Las Vegas Sands is a big casino operator that is currently having a tough year. This is nothing unusual, as most casino operators are in the same boat, especially the ones in Macau. However, Sands had a particularly bad month and saw a price stock drop of 14 percent.
This happened after the slowdown in the VIP gambling market from China, as well as a big lawsuit the operator is engaged in. This is the latest in the series of stock price retreats for many Macau and Las Vegas casinos. Now, Sheldon Adelson’s company stock got downgraded to Hold instead of the previous Buy designation. Analysts also believe that the company will continue to miss its quarterly goals.
This already occurred for the second-quarter goals and earning predictions are not good. Its EBITDA was well over $20 million short than the expected sum. The $2.14 billion in revenue is also 10 million short compared to the expectations.
The company is looking at a mixed picture when it comes to getting back into the green. In its Las Vegas properties, the non-gaming offer of retail centers, hotels, and convention should boost its revenue. These have performed well when it comes to offsetting the weak gambling market.

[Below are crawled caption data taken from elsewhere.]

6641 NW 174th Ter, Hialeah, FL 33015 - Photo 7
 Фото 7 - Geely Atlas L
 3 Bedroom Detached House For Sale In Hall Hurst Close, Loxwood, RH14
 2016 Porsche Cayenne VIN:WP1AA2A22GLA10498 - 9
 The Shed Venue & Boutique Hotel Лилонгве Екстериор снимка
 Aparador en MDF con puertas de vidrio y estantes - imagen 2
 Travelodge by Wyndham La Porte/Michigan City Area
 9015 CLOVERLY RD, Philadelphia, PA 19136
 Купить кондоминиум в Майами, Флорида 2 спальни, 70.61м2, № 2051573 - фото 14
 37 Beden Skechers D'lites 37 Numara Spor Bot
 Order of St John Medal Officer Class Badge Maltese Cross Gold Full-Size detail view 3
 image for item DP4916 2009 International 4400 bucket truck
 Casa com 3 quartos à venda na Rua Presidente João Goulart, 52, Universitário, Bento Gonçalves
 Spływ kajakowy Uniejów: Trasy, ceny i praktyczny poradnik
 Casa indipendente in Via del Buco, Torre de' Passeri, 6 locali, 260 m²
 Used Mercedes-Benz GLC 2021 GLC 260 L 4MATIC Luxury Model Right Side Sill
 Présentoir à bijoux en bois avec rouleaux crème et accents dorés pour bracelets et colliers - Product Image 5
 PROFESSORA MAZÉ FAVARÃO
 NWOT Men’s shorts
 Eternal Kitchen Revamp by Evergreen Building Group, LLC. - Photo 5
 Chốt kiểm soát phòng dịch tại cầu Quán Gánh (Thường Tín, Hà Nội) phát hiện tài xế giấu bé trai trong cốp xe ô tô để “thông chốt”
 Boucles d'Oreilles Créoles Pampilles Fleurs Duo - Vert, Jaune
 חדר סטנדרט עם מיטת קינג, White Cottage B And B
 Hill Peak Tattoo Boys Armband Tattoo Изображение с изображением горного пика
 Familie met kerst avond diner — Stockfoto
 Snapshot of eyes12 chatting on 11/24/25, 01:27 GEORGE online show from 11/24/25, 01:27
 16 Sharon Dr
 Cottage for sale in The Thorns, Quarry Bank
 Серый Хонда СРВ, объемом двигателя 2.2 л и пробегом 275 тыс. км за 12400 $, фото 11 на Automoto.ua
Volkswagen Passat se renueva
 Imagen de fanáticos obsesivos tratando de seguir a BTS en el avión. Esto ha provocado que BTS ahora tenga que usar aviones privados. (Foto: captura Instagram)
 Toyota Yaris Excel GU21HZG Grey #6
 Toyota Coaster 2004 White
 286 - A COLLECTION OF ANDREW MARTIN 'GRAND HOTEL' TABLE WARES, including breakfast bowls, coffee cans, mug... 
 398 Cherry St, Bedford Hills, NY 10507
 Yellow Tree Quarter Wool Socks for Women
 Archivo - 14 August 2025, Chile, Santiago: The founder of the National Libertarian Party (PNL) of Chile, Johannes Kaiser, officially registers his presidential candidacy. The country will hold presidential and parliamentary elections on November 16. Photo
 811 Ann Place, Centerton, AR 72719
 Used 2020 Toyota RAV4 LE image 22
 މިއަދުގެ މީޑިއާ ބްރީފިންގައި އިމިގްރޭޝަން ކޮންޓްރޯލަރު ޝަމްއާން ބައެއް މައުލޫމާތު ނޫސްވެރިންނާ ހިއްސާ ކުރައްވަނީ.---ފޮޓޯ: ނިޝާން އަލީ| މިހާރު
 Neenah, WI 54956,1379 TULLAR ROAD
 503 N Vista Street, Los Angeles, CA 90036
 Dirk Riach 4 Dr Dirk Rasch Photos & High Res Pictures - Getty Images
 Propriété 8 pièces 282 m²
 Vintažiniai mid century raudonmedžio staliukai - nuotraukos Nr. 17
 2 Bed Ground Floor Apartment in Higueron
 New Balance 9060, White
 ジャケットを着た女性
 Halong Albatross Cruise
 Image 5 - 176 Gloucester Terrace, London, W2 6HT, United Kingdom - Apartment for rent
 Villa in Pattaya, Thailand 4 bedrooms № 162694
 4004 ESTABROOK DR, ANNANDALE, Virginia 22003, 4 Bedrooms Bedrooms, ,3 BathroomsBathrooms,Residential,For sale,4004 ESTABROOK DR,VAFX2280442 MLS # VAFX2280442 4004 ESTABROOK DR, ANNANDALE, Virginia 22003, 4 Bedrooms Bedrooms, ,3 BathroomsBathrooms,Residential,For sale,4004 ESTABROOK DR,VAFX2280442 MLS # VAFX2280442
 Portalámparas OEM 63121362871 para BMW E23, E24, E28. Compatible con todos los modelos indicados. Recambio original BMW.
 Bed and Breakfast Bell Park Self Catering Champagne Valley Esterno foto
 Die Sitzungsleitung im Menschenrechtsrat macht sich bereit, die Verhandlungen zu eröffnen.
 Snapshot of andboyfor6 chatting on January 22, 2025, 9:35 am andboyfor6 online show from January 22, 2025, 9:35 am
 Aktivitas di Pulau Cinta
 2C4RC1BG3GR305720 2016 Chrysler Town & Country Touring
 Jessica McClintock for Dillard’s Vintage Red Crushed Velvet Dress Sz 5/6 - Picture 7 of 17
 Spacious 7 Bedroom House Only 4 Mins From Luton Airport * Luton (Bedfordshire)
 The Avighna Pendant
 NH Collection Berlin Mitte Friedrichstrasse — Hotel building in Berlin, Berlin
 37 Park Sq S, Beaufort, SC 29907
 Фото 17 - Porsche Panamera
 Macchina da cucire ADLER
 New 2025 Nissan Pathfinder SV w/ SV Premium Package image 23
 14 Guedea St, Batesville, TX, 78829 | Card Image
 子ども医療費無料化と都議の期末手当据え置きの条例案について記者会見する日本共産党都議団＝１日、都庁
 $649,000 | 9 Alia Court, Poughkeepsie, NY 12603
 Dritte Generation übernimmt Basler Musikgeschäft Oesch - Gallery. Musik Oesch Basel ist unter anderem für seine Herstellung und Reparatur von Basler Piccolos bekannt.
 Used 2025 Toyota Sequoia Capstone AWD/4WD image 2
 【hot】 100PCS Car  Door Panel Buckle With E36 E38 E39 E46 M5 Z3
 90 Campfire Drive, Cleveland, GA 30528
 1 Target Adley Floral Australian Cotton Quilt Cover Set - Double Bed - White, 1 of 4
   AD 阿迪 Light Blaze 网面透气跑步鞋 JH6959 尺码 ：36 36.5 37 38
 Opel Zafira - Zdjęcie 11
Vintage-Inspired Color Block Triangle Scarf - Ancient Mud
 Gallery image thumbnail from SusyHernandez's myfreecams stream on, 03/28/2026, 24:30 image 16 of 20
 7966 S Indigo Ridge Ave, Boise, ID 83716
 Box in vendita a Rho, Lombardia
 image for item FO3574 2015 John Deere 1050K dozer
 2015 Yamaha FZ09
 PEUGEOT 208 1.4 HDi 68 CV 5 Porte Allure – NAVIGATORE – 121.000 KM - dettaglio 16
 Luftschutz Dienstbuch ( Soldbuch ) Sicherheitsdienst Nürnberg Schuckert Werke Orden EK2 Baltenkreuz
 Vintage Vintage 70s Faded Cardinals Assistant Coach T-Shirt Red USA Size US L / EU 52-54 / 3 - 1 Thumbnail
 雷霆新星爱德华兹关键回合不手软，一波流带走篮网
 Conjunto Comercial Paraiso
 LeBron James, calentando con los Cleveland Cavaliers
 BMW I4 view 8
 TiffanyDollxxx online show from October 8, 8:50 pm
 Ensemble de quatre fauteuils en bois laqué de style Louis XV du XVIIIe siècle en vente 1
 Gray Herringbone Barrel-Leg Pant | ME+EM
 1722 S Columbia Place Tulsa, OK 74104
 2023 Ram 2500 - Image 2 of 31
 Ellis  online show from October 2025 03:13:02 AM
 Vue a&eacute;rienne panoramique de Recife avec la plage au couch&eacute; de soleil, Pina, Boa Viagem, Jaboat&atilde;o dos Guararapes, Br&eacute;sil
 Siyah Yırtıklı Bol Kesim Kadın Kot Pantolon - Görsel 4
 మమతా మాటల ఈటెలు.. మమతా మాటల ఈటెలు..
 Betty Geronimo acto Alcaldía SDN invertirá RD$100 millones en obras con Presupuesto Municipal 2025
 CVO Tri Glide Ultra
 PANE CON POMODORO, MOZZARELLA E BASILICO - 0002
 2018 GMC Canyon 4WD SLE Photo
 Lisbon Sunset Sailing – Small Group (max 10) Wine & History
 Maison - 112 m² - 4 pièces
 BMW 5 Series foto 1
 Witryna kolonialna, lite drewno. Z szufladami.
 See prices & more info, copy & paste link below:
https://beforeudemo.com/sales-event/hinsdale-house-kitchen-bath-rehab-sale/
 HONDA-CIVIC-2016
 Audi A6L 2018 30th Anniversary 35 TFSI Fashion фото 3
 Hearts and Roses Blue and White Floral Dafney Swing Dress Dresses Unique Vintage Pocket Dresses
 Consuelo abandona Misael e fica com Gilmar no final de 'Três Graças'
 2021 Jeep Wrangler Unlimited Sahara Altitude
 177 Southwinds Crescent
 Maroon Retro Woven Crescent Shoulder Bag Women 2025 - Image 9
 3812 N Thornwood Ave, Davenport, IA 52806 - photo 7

At the same time, Las Vegas Sands is certain that they will see even less wealthy high rollers from China traveling to Macau. As the pressure on the economy in mainland continues and Beijing is not able to quell fears, the VIP market will steer clear of casinos. All of this is a big problem for the Macau side of the Sands operation.
Here, the operator invested a lot of money, time and resources to build up its offer. Now, the investment is clearly not paying off and what is even worse, it is slinking towards even weaker performances. With a range of facilities it has in the enclave, Sands doesn’t even have an easy scaling-down process at its disposal.
The impact on the company’s share price was inevitable. The analysts are not unanimous where this will go in the future, but most agree that Sands desperately needs to see rising revenue in Macau. For this to happen, the Trade war needs to get a quick and effective resolution. Otherwise, the Las Vegas Sands facilities in Macau have to brace for even stormier seas, just like its stock.